Ainda nesta introdução, a historiadora refere as lacunas, as incompreensões sobre casos específicos de categorias de pessoas. Com efeito, a “Solução Final da Questão Judaica” foi muito mais longe do que o extermínio racial, operou mortandade em eslavos e ciganos, deficientes físicos e psíquicos, homossexuais, incidentalmente levou ao trabalho escravo, convém não esquecer que os primeiros muito milhares de mortes em Auschwitz, e mortos barbaramente, foram prisioneiros soviéticos. E a autora faz a sua declaração de interesses:

“Escrevi este livro para que sirva de uma espécie de manual, em que se possam encontrar respostas a diversas perguntas e dúvidas, desfazer confusões, ajudar a derrubar ideias feitas e lugares-comuns contendo falsidades; em suma, contribuir para um maior conhecimento do tema do Holocausto. Por isso, não só se procurará aqui desentranhar as causas complexas da Shoá como derrubar ideias de que tal acontecimento se deveu a um grupo de dirigentes e loucos em torno de Hitler.
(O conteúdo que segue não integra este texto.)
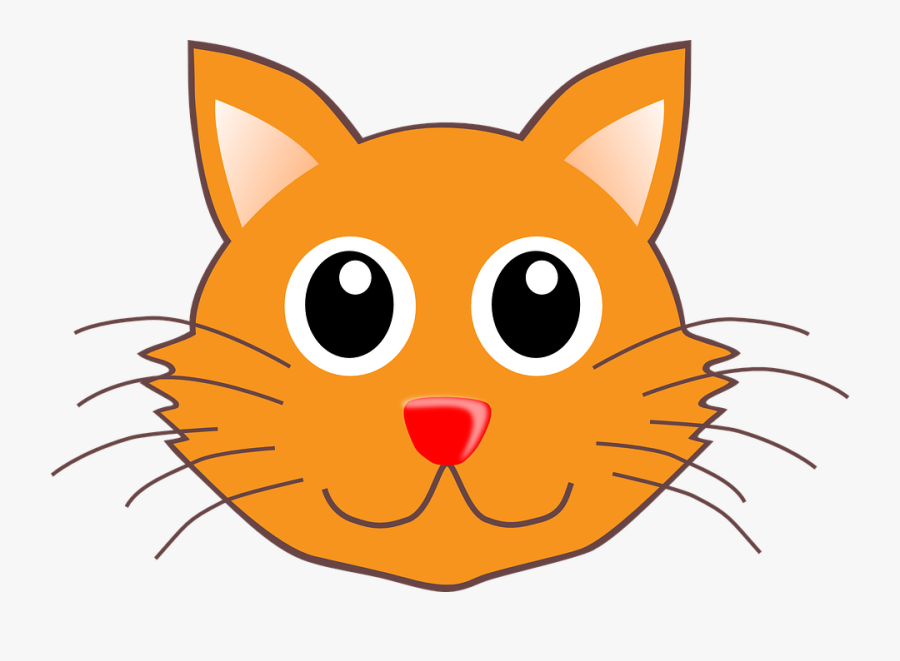 Feline Clipart Cat Face - Clip Art Cat Head, Transparent Clipart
Se a Shoá se reporta ao genocídio, que se pretendeu total, dos judeus da Europa, através do qual cerca de seis milhões foram assassinados, os nazis perseguiram e assassinaram outras minorias, como aconteceu com cerca de meio milhão de ciganos de etnia rom e sinti e 70 mil deficientes físicos e/ou psíquicos. Lembre-se ainda o assassínio de 3 milhões de prisioneiros de guerra soviéticos, para não falar dos 700 mil sérvios assassinados às mãos dos croatas e das elites e católicos polacos às mãos dos nazis. Muitos outros seres humanos, não tendo sido objeto de genocídio e de assassínio em massa, foram também perseguidos até à morte pelos nazis e pelos seus cúmplices, como aconteceu com cerca de 80 mil prisioneiros políticos alemães, cerca de 10 mil homossexuais e centenas de testemunhas de Jeová”.

Uma investigação de arromba que coroa um percurso universitário e uma carreira de investigação ímpares. O Círculo de Leitores e a Temas e Debates por mais este triunfo a favor da cultura portuguesa, em que continuam na vanguarda, nenhum editor se lhes iguala.